BMW was hacked; potential trading secrets leaking

Currently any company can become a victim of a cyberattack. According to cybersecurity specialists, automobile company BMW detected and monitored a hacker group that managed to infiltrate its networks for almost a year.

Apparently, the German company’s security team detected the presence of hackers after an instance of Cobalt Strike, a legitimate penetration testing tool, had been installed on one of its computers. Because this kind of testing had not been done recently, the company determined that it was installed by an external actor.

After detecting the intrusion, the company’s cybersecurity experts decided not to disrupt the activities of hackers, but rather to adopt a different strategy. BMW began monitoring hackers to collect information about their identity, their intentions and the actual extent of the intrusion.

Finally, after months of monitoring, BMW’s security teams decided to stop the intrusion, shutting down the operations of compromised computers and blocking access to the internal network exploited by hackers. Internal investigation is still ongoing, although it is already mentioned that hackers would not have accessed confidential information, and that no computer equipment at the company’s headquarters was infected.

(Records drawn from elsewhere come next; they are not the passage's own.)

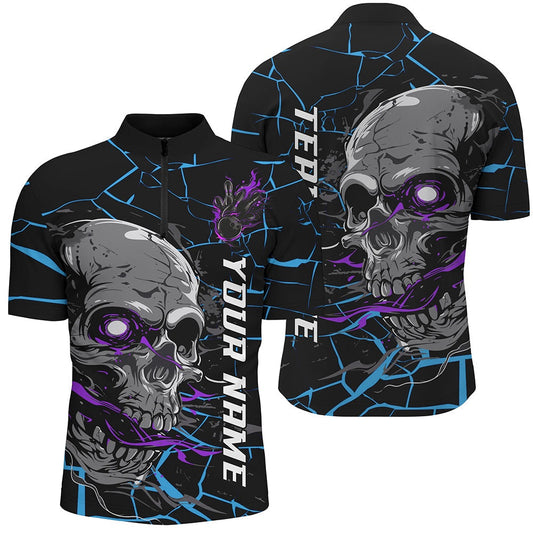 Custom Blue And Purple Halloween Skull Bowling Shirts For Men, Outfit Bowling For Team , Bowling Jersey Shirt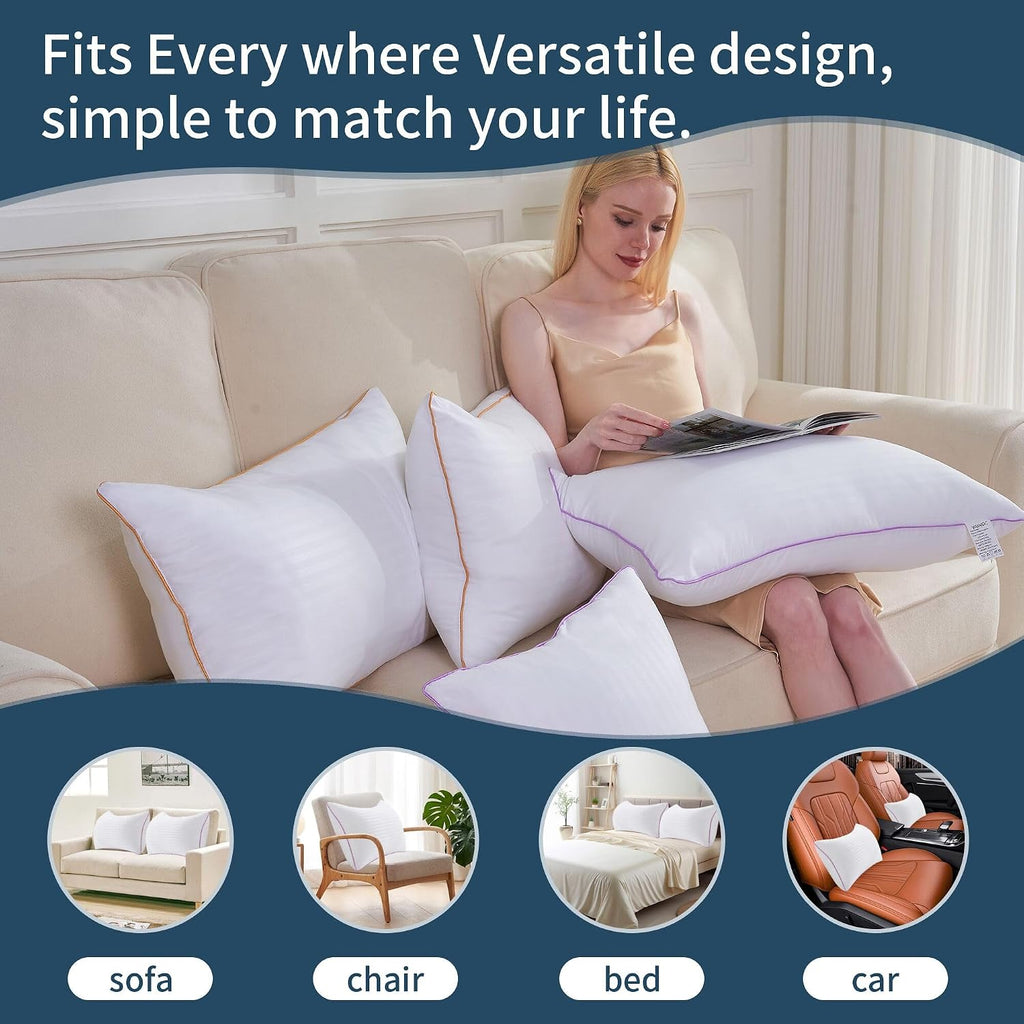 VAINOC Pillows King Size Set of 2, Breathable Hotel Collection Bed Pillows for Sleeping Medium Soft Down Alternative Microfiber Filled,20…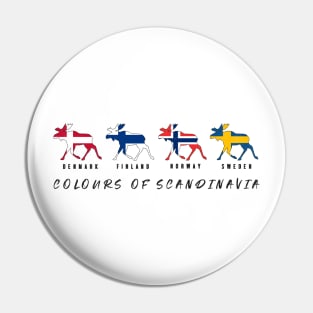 Colours of Scandinavia national flags elk silhouette Pin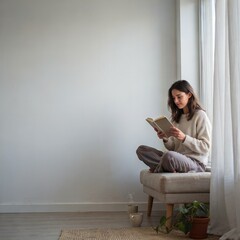 Obraz premium Young woman reading a book cross-legged on a bench in a bright minimalist room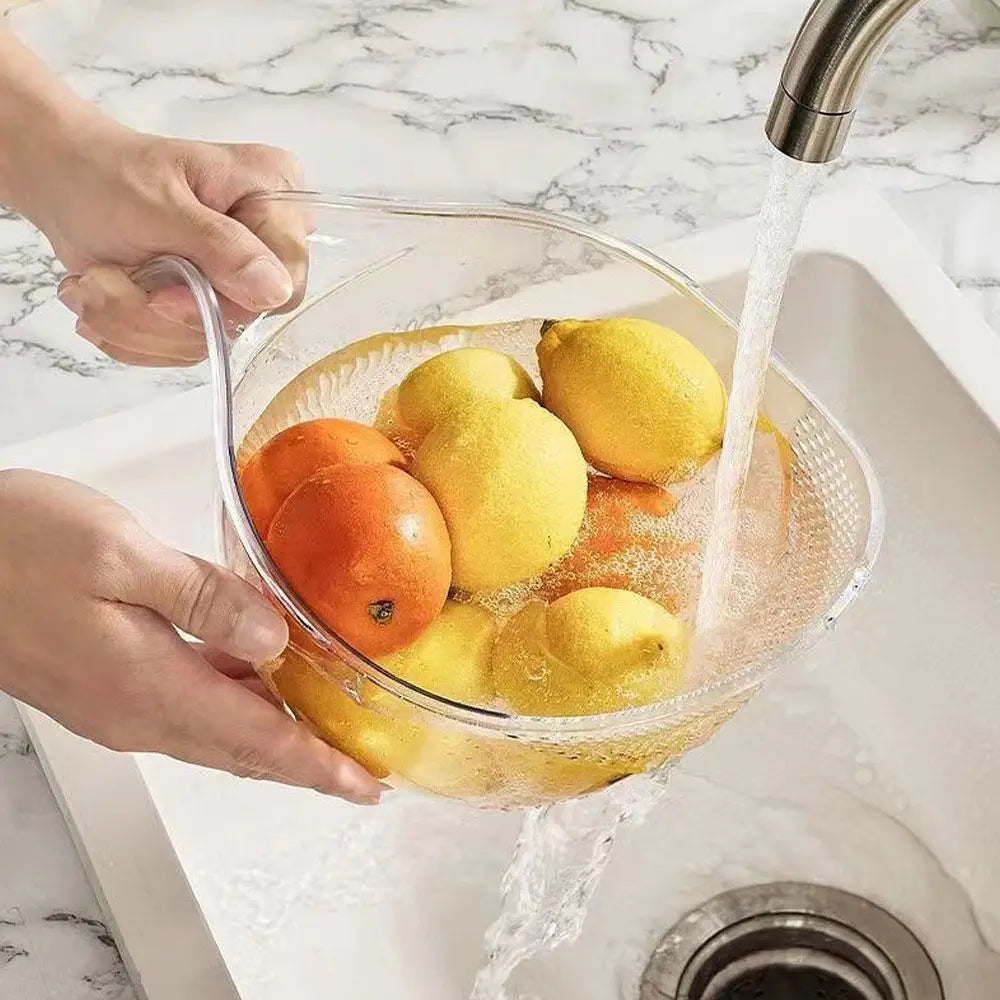 Rice washer strainer bowl for fruit and vegetables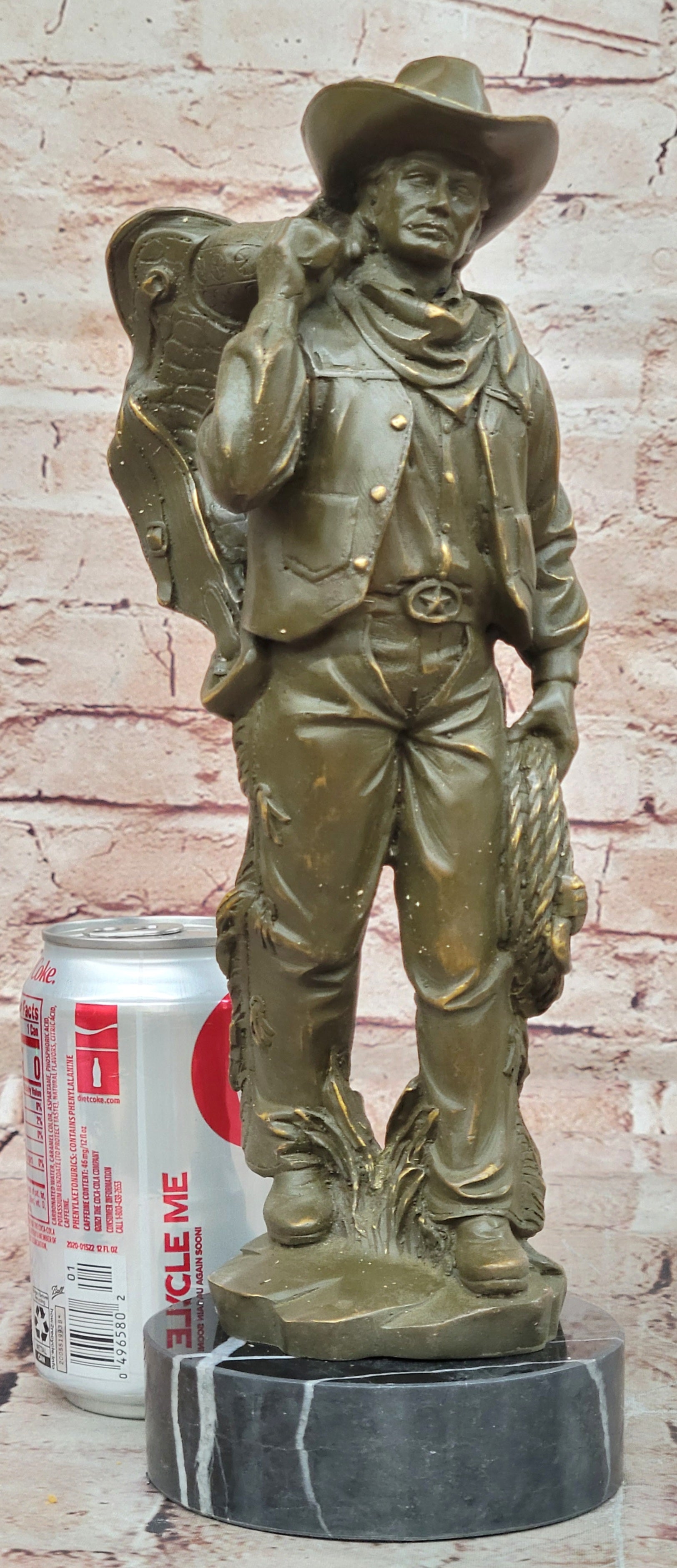 Bronze Western Rider Statue Original Cowboy Sculpture by M. Lopez Home Decor Figurine Art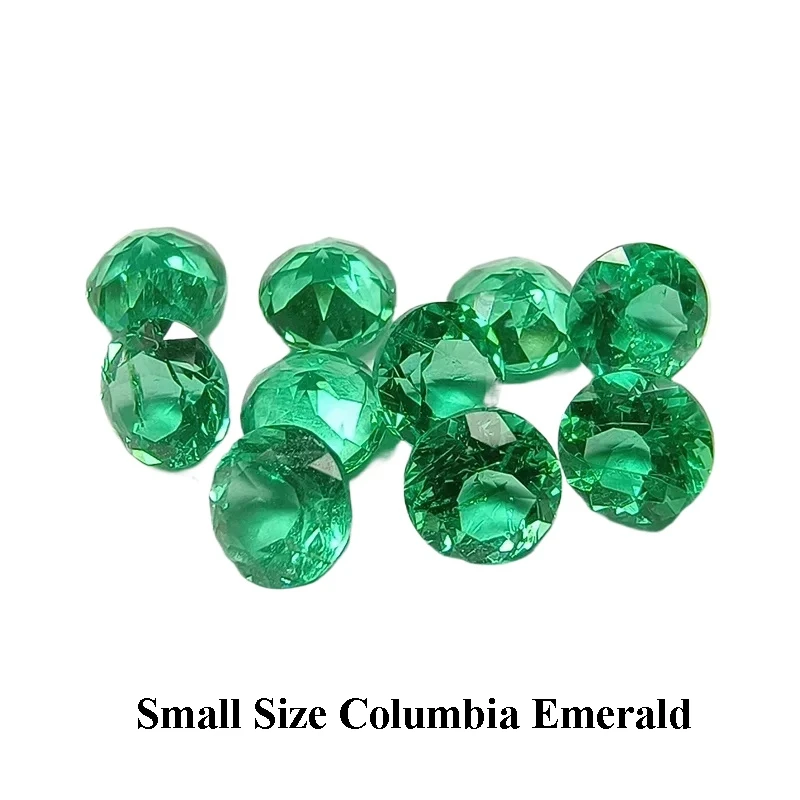 Lab Grown Small Size Columbian Emerald Gemstone Hand-cut Round Shape Natural Color Charms Beads For Diy Jewel Making Materials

Through a statement, the company acknowledged the incident, adding that: “The relevant structures and processes have been implemented to minimize the risks of unauthorized access to our systems, allowing us to detect any attempts in addition to its fundamental role for upcoming security incident recovery processes.” This is all the information BMW has published about the cyberattack.

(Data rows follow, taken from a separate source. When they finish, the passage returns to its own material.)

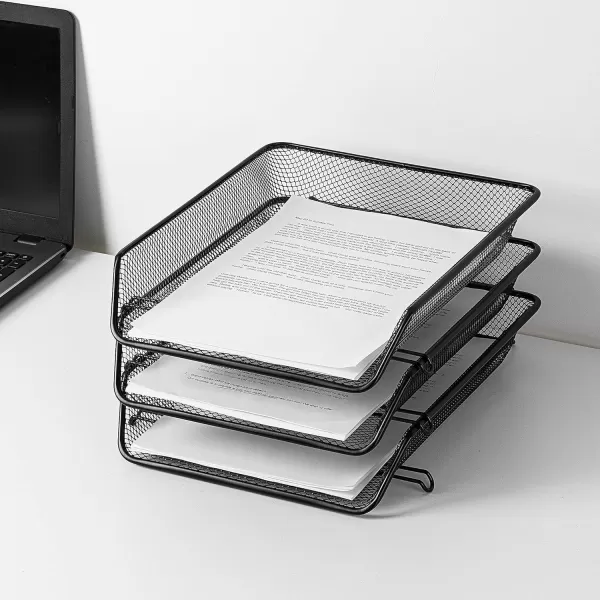 Amazon Basics Mesh Triple Stacking Office Tray Organizer 3 Count Pack of 1 Black 118 x 10 x 8Amazon Basics Mesh Triple Stacking Office Tray Organizer 3 Count Pack of 1 Black 118 x 10 x 8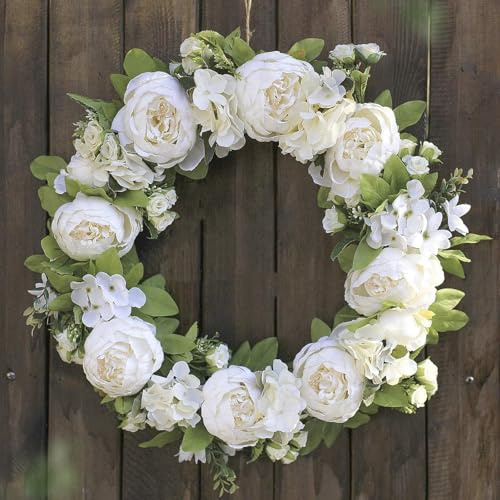 Corona Artificiale di Ortensie 50 cm per Porta, Ghirlanda Fiori Finti per Porta d'Ingresso, Ideale per Pasqua, Casa, Giardino, Matrimoni (Decorazioni per Esterno/Interno) (Bianco)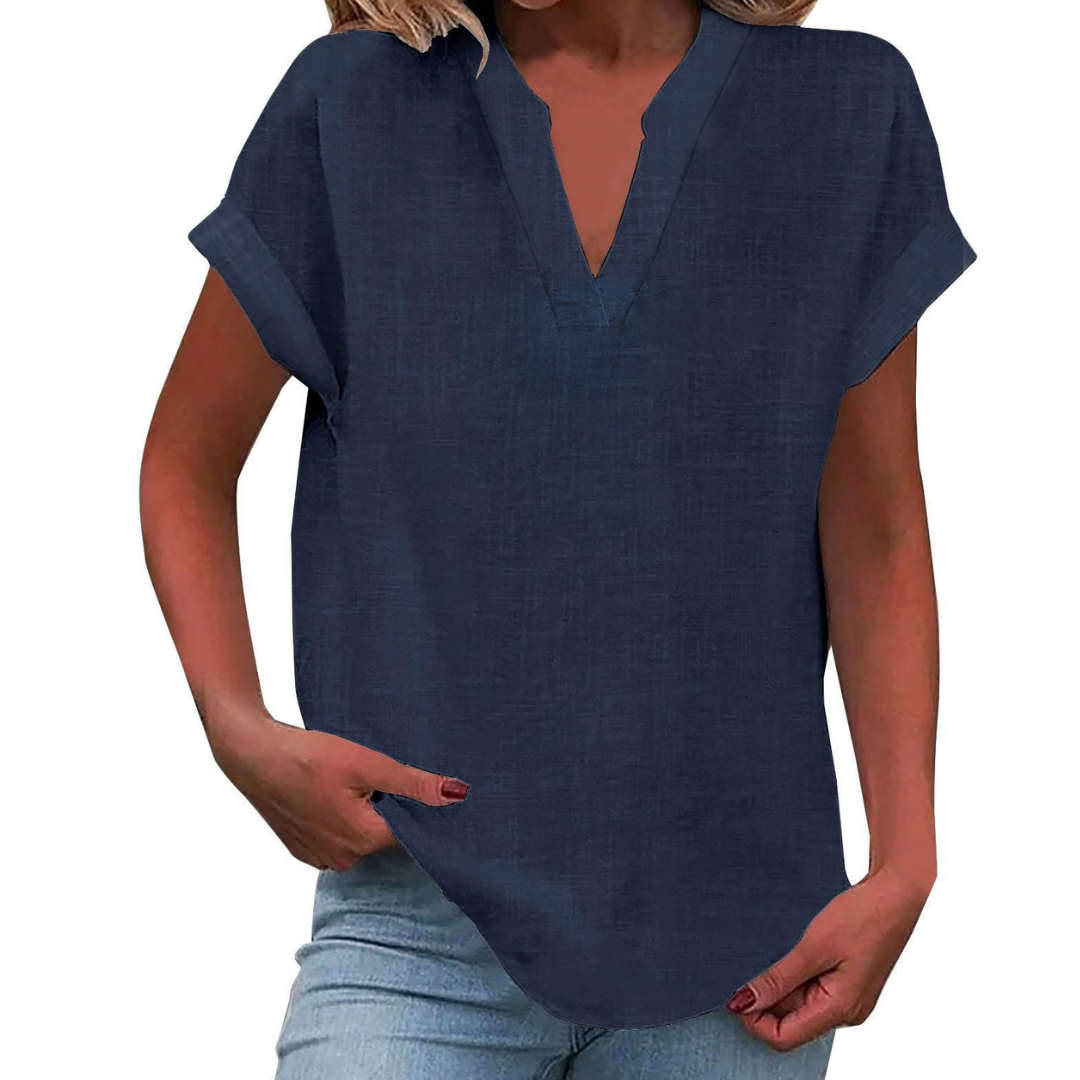 Versatile women's V-neck blouse, loose fit and comfortable for various summer occasions.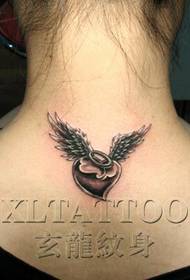 Cool Eyebrow Neck Love Wings Tattoo Patrón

According to cybersecurity specialists, as part of the same hacking campaign the networks of the South Korean automotive company Hyundai were also compromised; so far, the company has made no official statements about the incident.

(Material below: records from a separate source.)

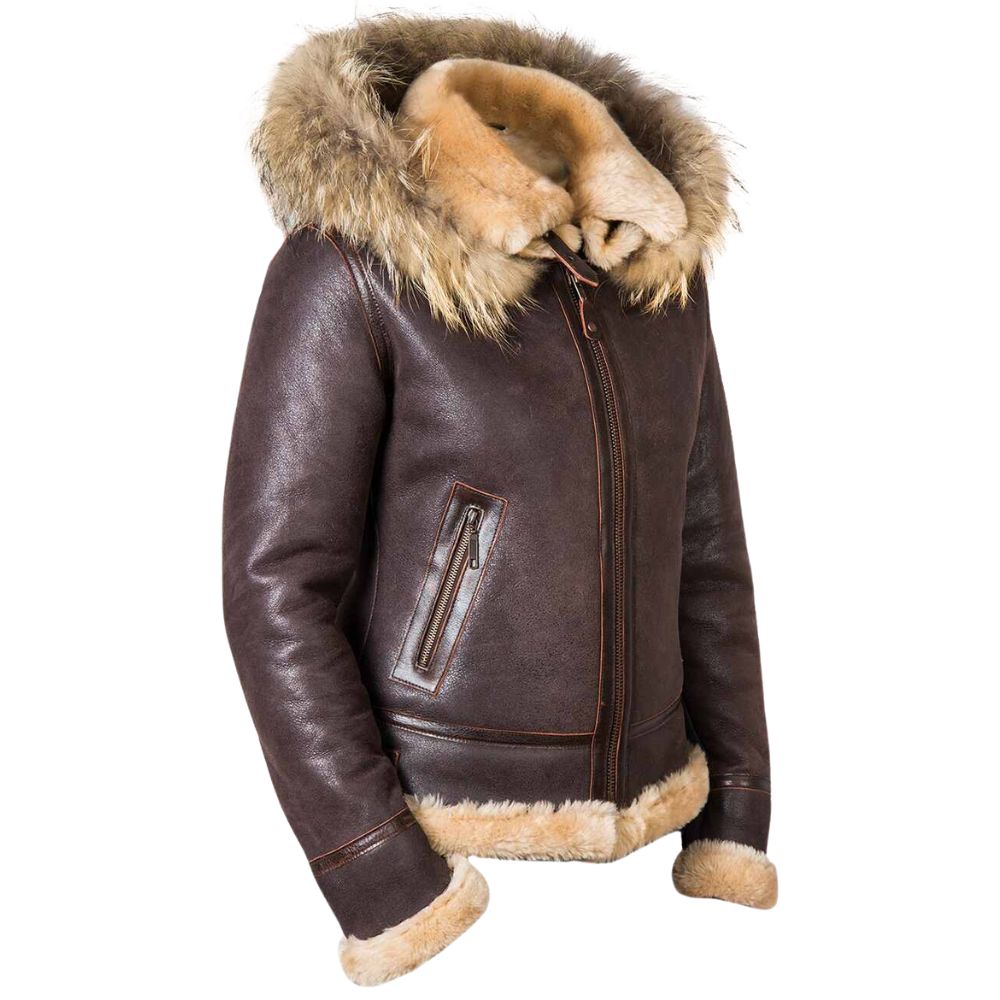 Veste aviateur en peau lainée doublée chaude avec capuche fourrure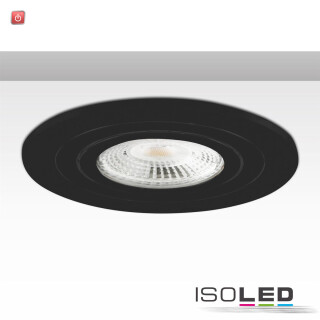 ISO114418 / Einbaurahmen rund für GU10/MR16, Lochausschnitt 68mm, Alu schwarz / 9009377078521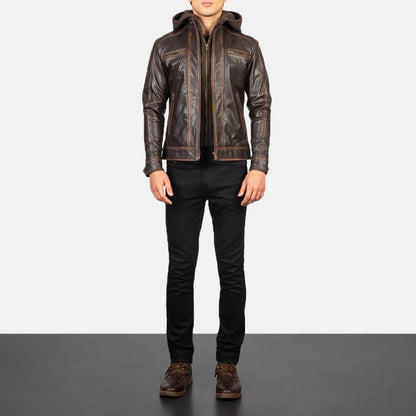 Luxe Hooded Leather Biker Jacket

Regarding the perpetrators of both attacks, both the tools and methods used cause the cybersecurity community to point towards the hacker group known as OceanLotus (also identified as APT32 or Cobalt Kitty), a group of Advanced Persistent Threats (APTs) with a special predilection for automotive companies.

Crowdstrike, a security firm that assists in the investigation of both attacks, claims that a group of hackers backed by Asian governments based in Vietnam known as “Buffaloes” was also involved in this hacking operation. In its report, the firm also mentions that APT32 could also be behind similar security incidents at multiple Toyota and Lexus outlets that resulted in the exposure of confidential information from these companies. In addition, experts say these attacks began after the Socialist Republic of Vietnam decided to build its own cars, so this is likely to be a complex corporate espionage campaign.

Specialists from the International Institute of Cyber Security (IICS) comment that this form of corporate espionage has become very common, as some governments prefer to use hacker groups to obtain confidential information about sophisticated technological developments rather than starting to work from scratch on their own technology.